Foi pois num chão de efervescência utópica que surgiram alguns dos textos agora reunidos, e que funcionaram como a defesa de uma nova geração e de uma nova atitude na arte portuguesa. Num estilo polémico, por vezes derivativo, E.S. reflecte sobre alguns artistas surgidos nos finais dos anos 60 e cujas carreiras se consolidarão na década seguinte. A este nível é particularmente relevante o texto sobre Helena Almeida, cuja figuração do próprio corpo é definida como uma dádiva e comprometimento exterior a qualquer narcisismo, indissociável de um corpo social, "um envolvimento; como a casa, a família, a cidade." (p. 164). Na arte ecológica de, Alberto Carneiro sintonizada com a Land Art internacional, E.S. identifica a convivência entre um pendor lírico e a direcção conceptual. Ana Hatherly é outra artista a merecer uma reflexão: "A escrita automática de Ana, como toda a exploração moderna da escrita, não é um recôndito separado do gesto; um pensamento anterior ao corpo; uma ingenuidade ou alegria sem morte, um discurso sem método (...) É um questionamento para a resposta. Resposta inexorável e inevitável, mesmo quando feita de silêncio e de ausência" (p. 204).
Dois textos sob Almada Negreiros, uma defesa de sempre de E.S., testemunham o seu apreço pelo artista e elegem-no como figura simbólica de rotura cultural e atitude vanguardista contra uma tradição cultural periférica e anquilosada. Outro sinal de permanência é o texto sobre Franklin Villas-Boas Neto, artista popular, que exemplifica o interesse de E. S. pela cultura popular, valorizando a ingenuidade e a inocência numa análise que não se confina à abordagem antropológica e que desvaloriza a hierarquia entre a arte "culta" e arte popular. Textos sobre a actualidade artística internacional, que então E.S. acompanhava avidamente, outros sobre alguns dos seus protagonistas com quem possuía afinidades electivas (Filliou ou Vostell por exemplo) e sobre as actividades em que se ia envolvendo completam o panorama.
A história das vanguardas da segunda metade do século é uma história de vitórias e de fracassos.

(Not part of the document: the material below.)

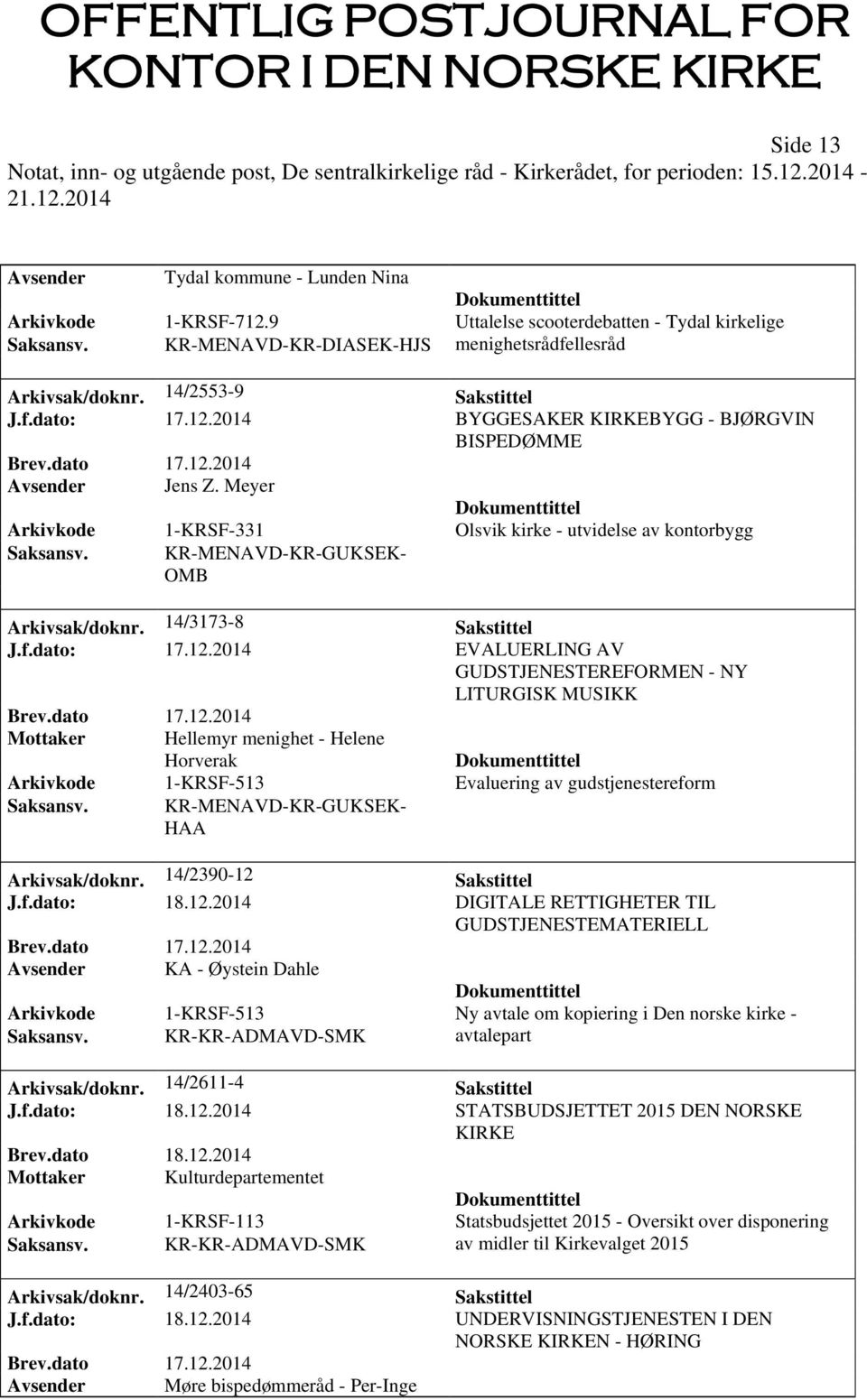 KR-MENAVD-KR-GUKSEK- OMB Arkivsak/doknr. 14/3173-8 Sakstittel J.f.dato: 17.12.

Se por um lado não conseguiu desmantelar o sistema artístico internacional, nem alterar a sua feição burguesa, o conceptualismo alterou de modo radical as condições de produção artística.
Se é verdade que nos seus piores momentos legitimou o absoluto primado da ideia sobre a sua consequência conduzindo a meros enunciados de intenções e voluntarismos político-ideológicos, por outro lado alargou o campo de possibilidades criativas (Land Art, Body Art ambientes, instalação, etc.), alterando a relação da arte com o "público", adensando a fruição da arte para além do ver e legitimando acções não directamente dependentes de um restrito entendimento do "fazer".
Ser Moderno... em Portugal reúne precisamente alguns dos textos que impulsionaram esta transformação entre nós e reflecte as suas virtualidades e contradições, pelo que o seu interesse documental para a história da cultura portuguesa contemporânea é incontornável.